_Problem description_:
Reproduce exactly, and only, the lines of the material below running from the line bearing "Kia Niro 2017, 268316" through the line bearing "Turbocharger Wastegate Actuator". Leave any pictures out.

_Provided records_:

※ ※ ※

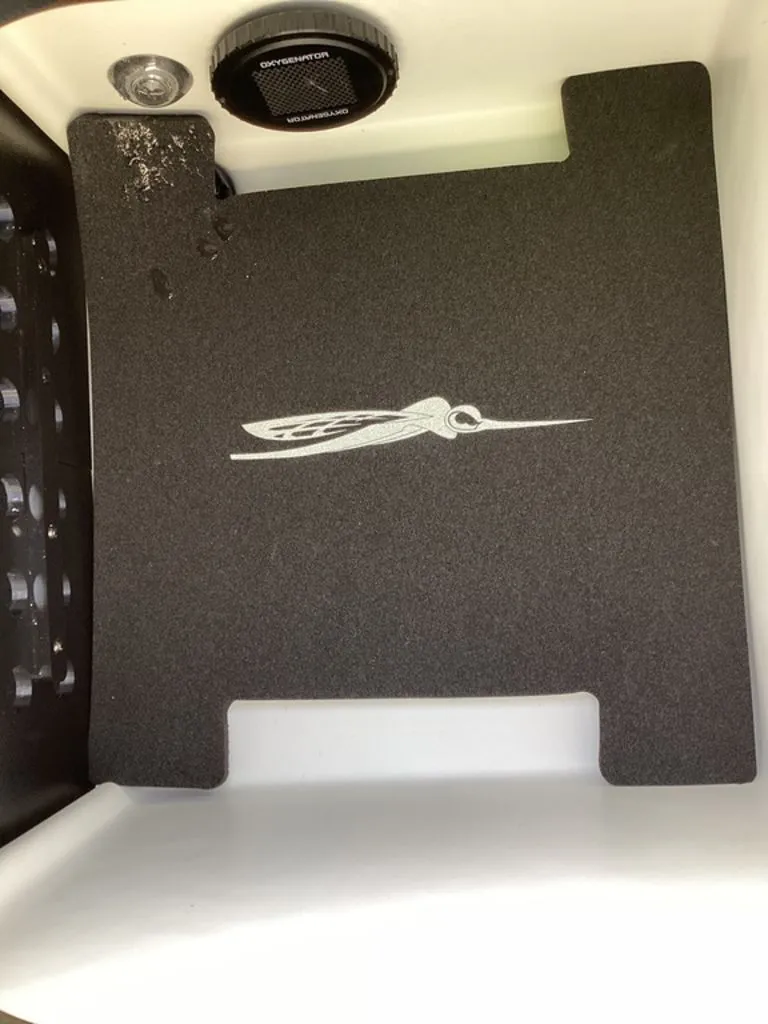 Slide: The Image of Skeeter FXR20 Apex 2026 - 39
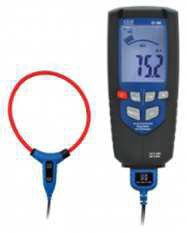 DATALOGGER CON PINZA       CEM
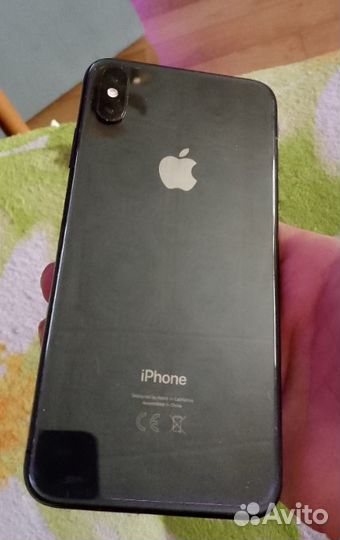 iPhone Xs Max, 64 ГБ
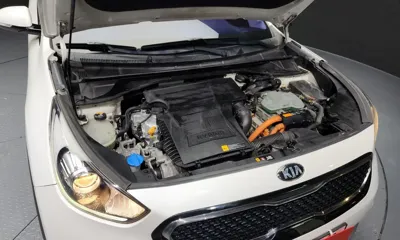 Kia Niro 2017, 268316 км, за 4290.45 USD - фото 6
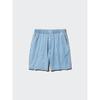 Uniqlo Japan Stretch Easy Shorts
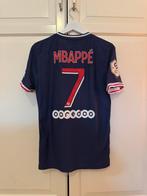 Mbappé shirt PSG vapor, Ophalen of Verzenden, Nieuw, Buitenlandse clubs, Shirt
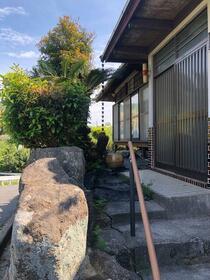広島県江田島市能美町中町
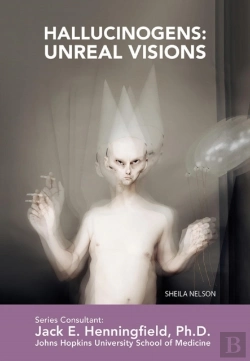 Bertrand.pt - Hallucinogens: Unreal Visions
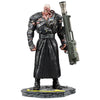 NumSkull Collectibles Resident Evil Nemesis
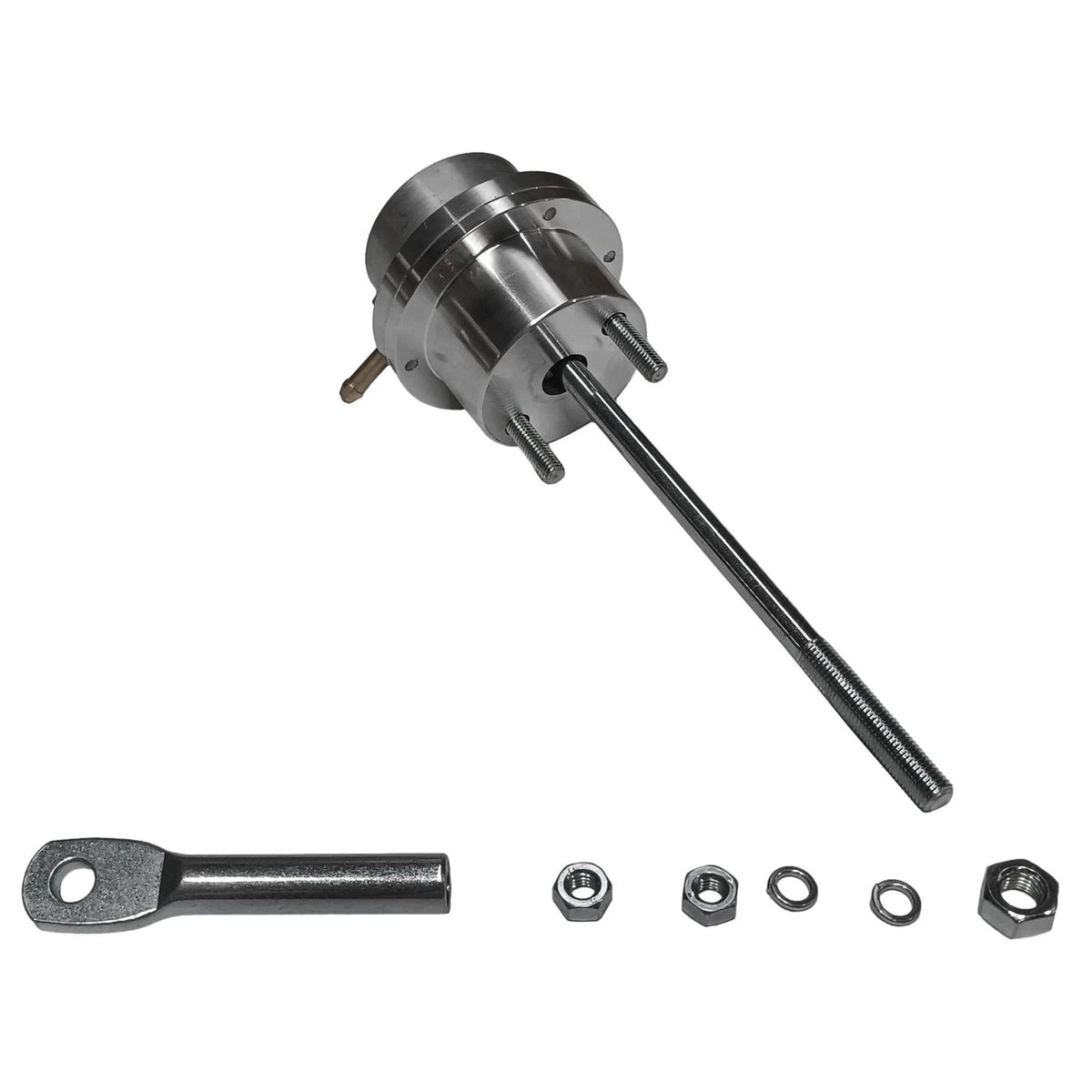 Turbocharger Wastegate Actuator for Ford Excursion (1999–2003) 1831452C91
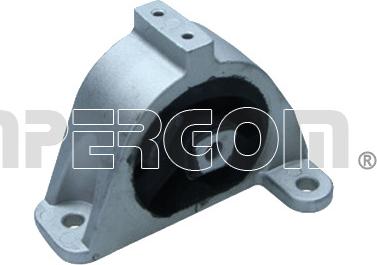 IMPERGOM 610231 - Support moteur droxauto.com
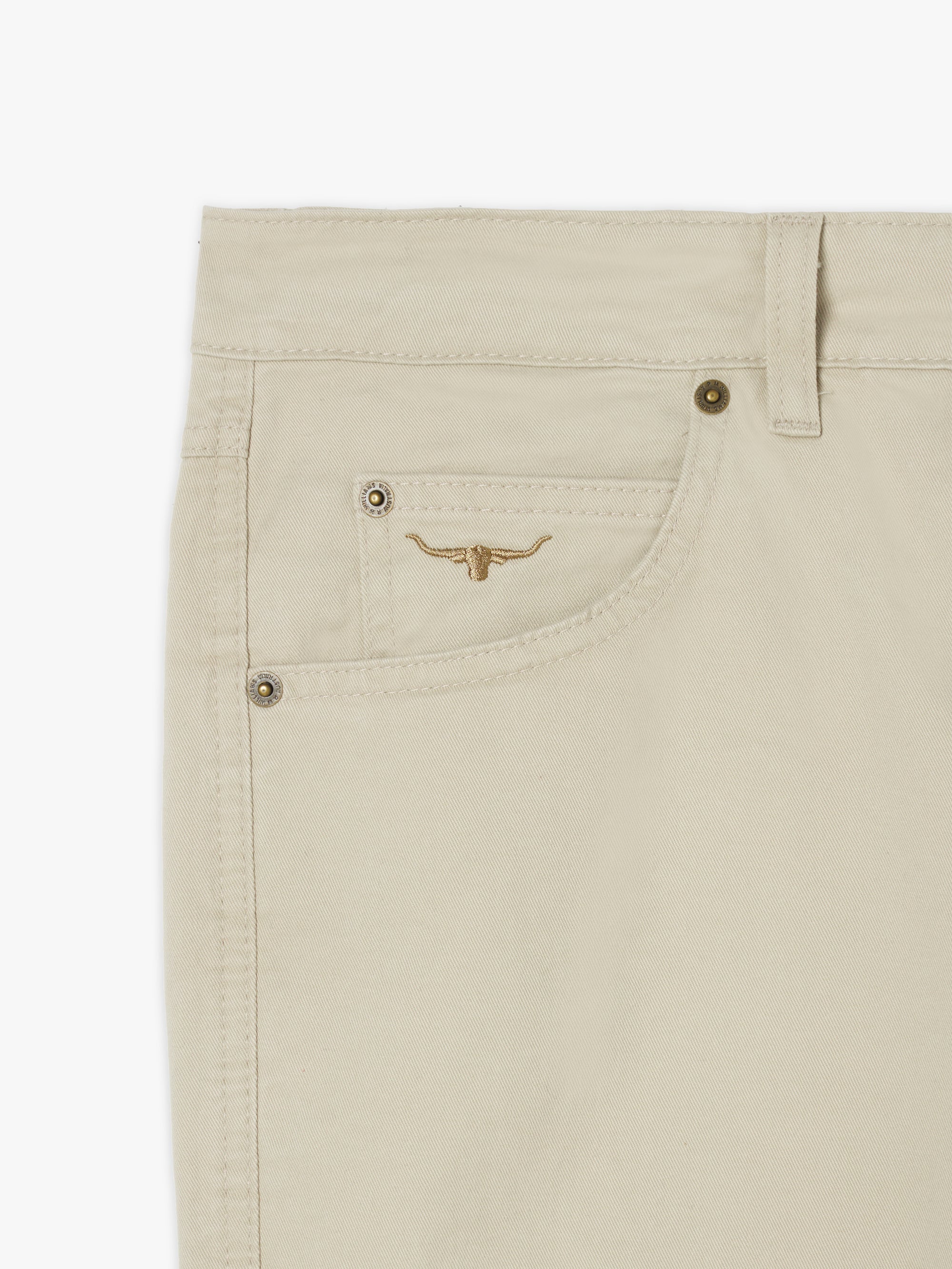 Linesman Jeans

※ ※ ※

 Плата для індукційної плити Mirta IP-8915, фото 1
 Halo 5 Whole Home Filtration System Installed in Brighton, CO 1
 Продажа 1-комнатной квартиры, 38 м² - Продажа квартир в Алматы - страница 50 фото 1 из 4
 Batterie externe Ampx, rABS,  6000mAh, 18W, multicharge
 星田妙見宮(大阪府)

※ ※ ※

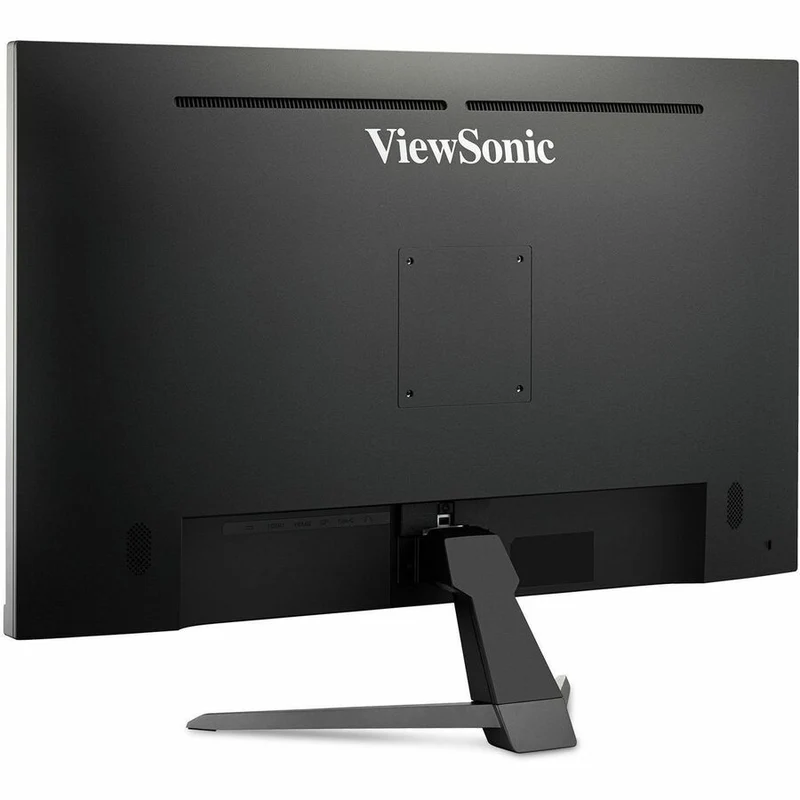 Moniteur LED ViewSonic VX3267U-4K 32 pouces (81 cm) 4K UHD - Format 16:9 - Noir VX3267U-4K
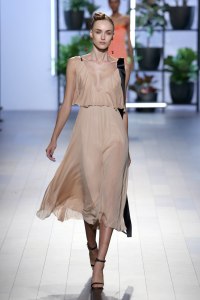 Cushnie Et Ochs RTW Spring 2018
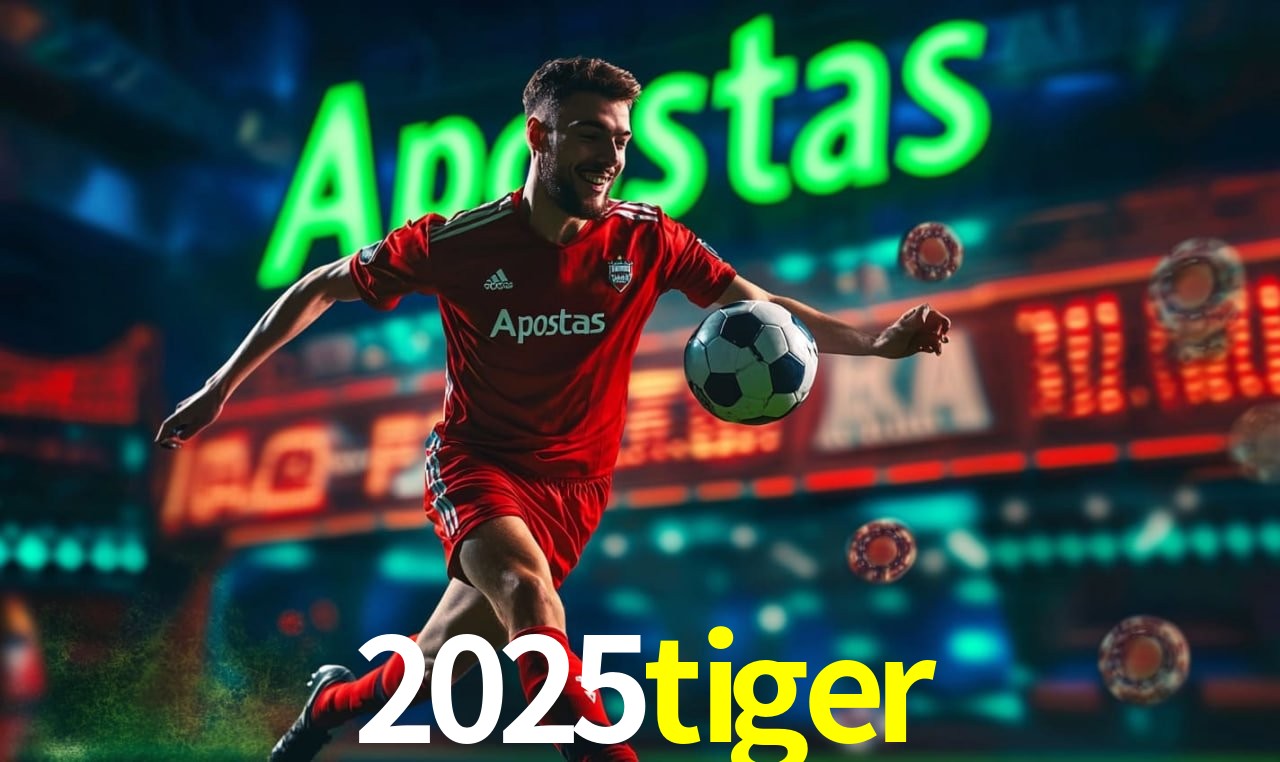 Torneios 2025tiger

※ ※ ※

_Answer space_:
 Kia Niro 2017, 268316 км, за 4290.45 USD - фото 6
 Uniqlo Japan Stretch Easy Shorts
 Mbappé shirt PSG vapor, Ophalen of Verzenden, Nieuw, Buitenlandse clubs, Shirt
広島県江田島市能美町中町
 Bertrand.pt - Hallucinogens: Unreal Visions
 NumSkull Collectibles Resident Evil Nemesis
 Turbocharger Wastegate Actuator for Ford Excursion (1999–2003) 1831452C91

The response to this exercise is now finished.